The middle powers have also invested vast sums into their own expansive infrastructure projects. Japan has formulated the multi-billion-dollar Connectivity Initiative, which emphasizes sustainable infrastructure across Asia; India has forged ahead with the International North–South Transport Corridor (INSTC) railway and port projects to strengthen regional integration; South Korea has introduced the ‘New Southern Policy,’ to focus on infrastructure development in key Southeast Asian countries; and Australia has recently signed an investment agreement with the Association of Southeast Asian Nations (ASEAN) to “develop a pipeline of high-quality infrastructure projects, to attract private and public investment.”

Geopolitically, the middle powers have also been lending weight to America’s pressure campaign against Chinese maritime assertiveness. At the forefront of these parallel efforts is Japan, the country that is arguably the most perturbed by China’s rise. China’s revanchist claims in adjacent waters cover the East China Sea, where Japan occupies the contested Senkaku islands, and the South China Sea, where the bulk of Japan’s energy imports pass. In recent years, the Shinzo Abe administration has steadily increased defense spending and systematically chipped away at pacifist legal restrictions in order to make Japan a major military force.
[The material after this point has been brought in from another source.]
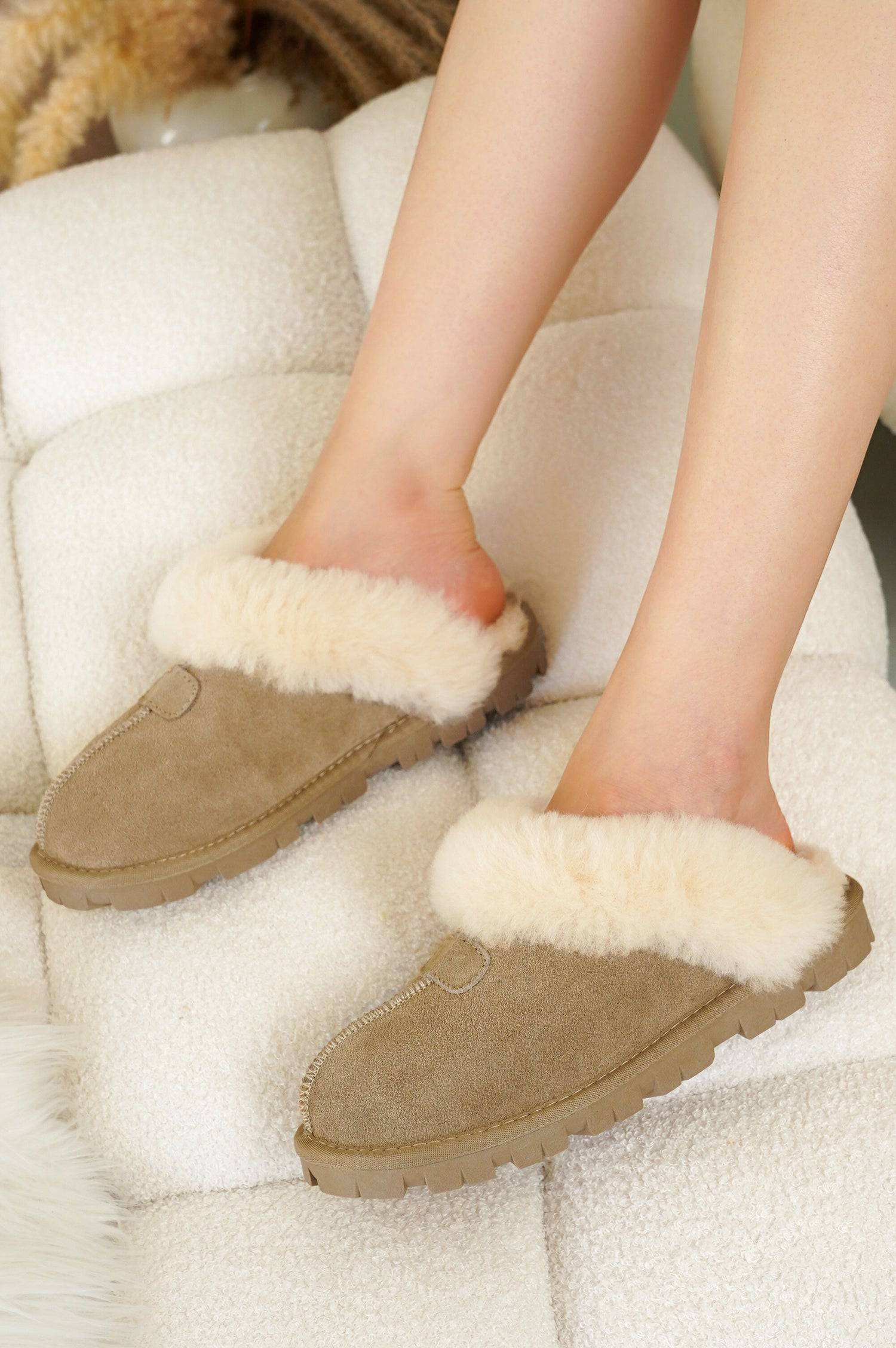 Project Cloud Women's | 100% Genuine Leather & Natural Fur Lining Fuzzy Slippers | Memory Foam | Non-Slip - Hedy - Image 12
In recent months, Japan has engaged in many firsts. It deployed, for the first time ever, its gigantic Kaga helicopter carrier, which was accompanied by two guided-missile destroyers on high-profile port calls across the Indo-Pacific. Along the way, Japan’s Marine Self-Defense Forces (JMSDF) armada conducted joint drills with the U.S. Navy’s Ronald Reagan aircraft carrier strike group and the UK Royal Navy’s HMS Albion, reflecting growing interoperability and concerted pushback among like-minded nations against China.

Japan also, for the first time since the end of the Second World War, deployed an armored vehicle to participate in joint U.S.-Philippine military exercises. During his recent meeting with his Vietnamese counterpart, Nguyen Xuan Phuc, Abe reiterated his commitment to assist ongoing efforts to preserve FONOPs and strengthen the maritime security capacity of Southeast Asian states. Japan is even expected to help Hanoi develop energy resources in areas contested by China.

Earlier this year, the British, French and Australian naval forces also conducted FONOPs close to Chinese-occupied land features in the South China Sea. India and the U.K. have also announced plans for naval cooperation through carrier battle group operations, ahead of the UK’s deployment of its latest aircraft carrier, the HMS Queen Elizabeth, to the Indo-Pacific.

No longer relying on America alone, the middle powers of the Indo-Pacific are taking matters into their own hands in order to uphold free trade and freedom of navigation in the world’s most dynamic region.